Figure EV4. Extended chromosome alignment and SAC activation data in KIF18Ai.

(A) Representative live-cell time-lapse microscopy stills from HCC1806 cells used to evaluate mitotic chromosome congression. Scale bar = 5 µm. (B) Top: Kinetochore distribution probability along the spindle axis from Fig. 3C. Bottom: Probability of a kinetochore being MAD1+ relative to its position on the spindle axis in DMSO or KIF18Ai conditions. Polar kinetochores are defined as >5 µm from the spindle midline. (C) Top: Quantification of BUBR1 foci from live-cell confocal time-lapse microscopy of HeLa EGFP-BUBR1 BAC H2B-iRFP cell lines in DMSO, KIF18Ai, and Nocodazole conditions. Error bars represent mean ± SD. Statistical significance was determined using an unpaired two-tailed Student’s t test between DMSO and KIF18Ai conditions at 0, 10, 20, 30, and 40 min. Sample size and full statistical results are listed in Dataset EV2. Bottom: Representative still images from mitotic movies. *P  <  0.05, **P  <  0.01, ***P  <  0.001, and ****P  <  0.0001.

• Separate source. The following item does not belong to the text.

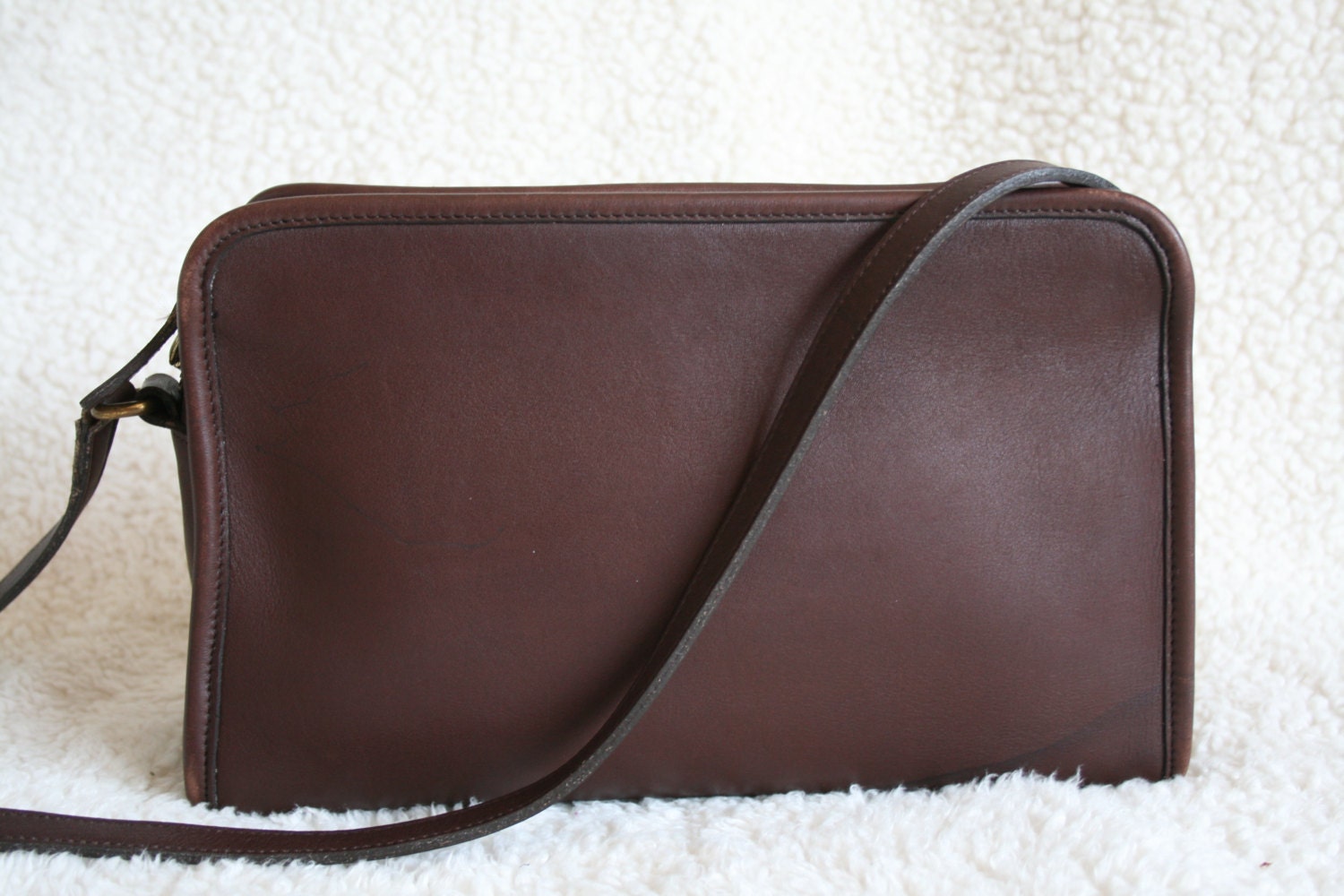 VINTAGE COACH SUTTON zip classic Mahogany Leather Handbag purse Bag 9814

Figure EV5. Extended analysis of APC/C activity relative to KIF18A dependency.

(A) Top 10 RNAi co-dependency relationships from DepMap dataset for KIF18A. Red and blue points represent sensitive and insensitive cell lines respectively from the panel in Fig. 1C. Bolded table entries are APC/C or SAC genes. (B) Quantification of Cyclin B1 degradation rates for endogenously tagged fluorescent cells treated with Reversine, KIF18Ai, or Nocodazole. The median (colored line) of individual traces (gray lines) is plotted, with the shaded region encompassing the first and third quartile of each population. Cyclin B1 signal is normalized to the metaphase inflection point and median t_1/2 values are listed. Full sample size information is listed in Dataset EV3. (C) Maximum slope of Cyclin B1 degradation at metaphase for endogenously tagged fluorescent cells treated with Reversine, KIF18Ai, or Nocodazole in (B). Rates are calculated relative to the total Cyclin B1 signal at mitotic entry. Data are represented as mean ± SD. N ≥ 20 cells per condition (KIF18Ai, Reversine), N ≥ 5 cells per condition (nocodazole).